▸ **Data extract**
BEGIN
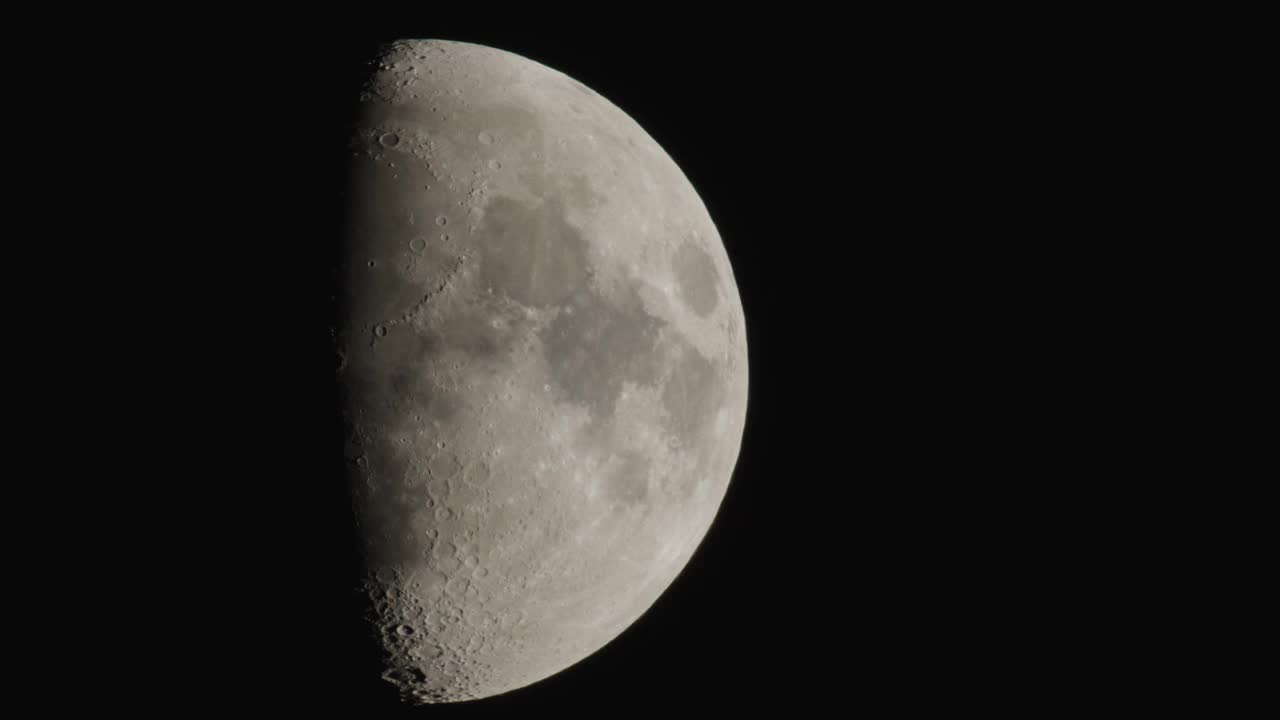 半月在夜空中移动视频素材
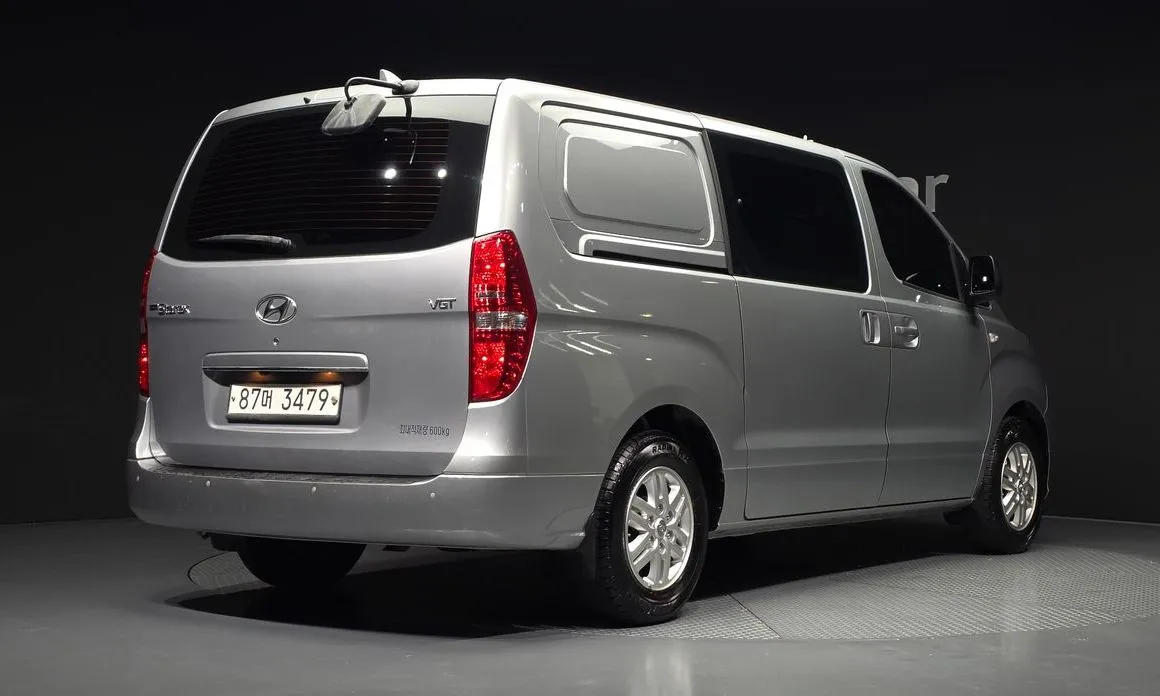 Hyundai Starex — фото 4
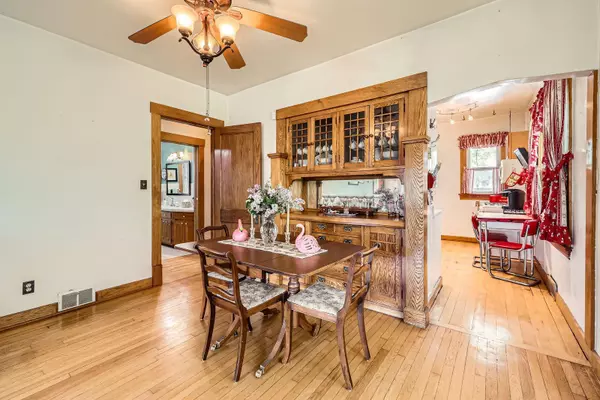 Saint Paul, MN 55104,1107 Edmund AVE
END
▸ **Directions for this task**
Give the listing again word for word, without its images.

▸ **Result of the task**
 半月在夜空中移动视频素材
 Hyundai Starex — фото 4
 Saint Paul, MN 55104,1107 Edmund AVE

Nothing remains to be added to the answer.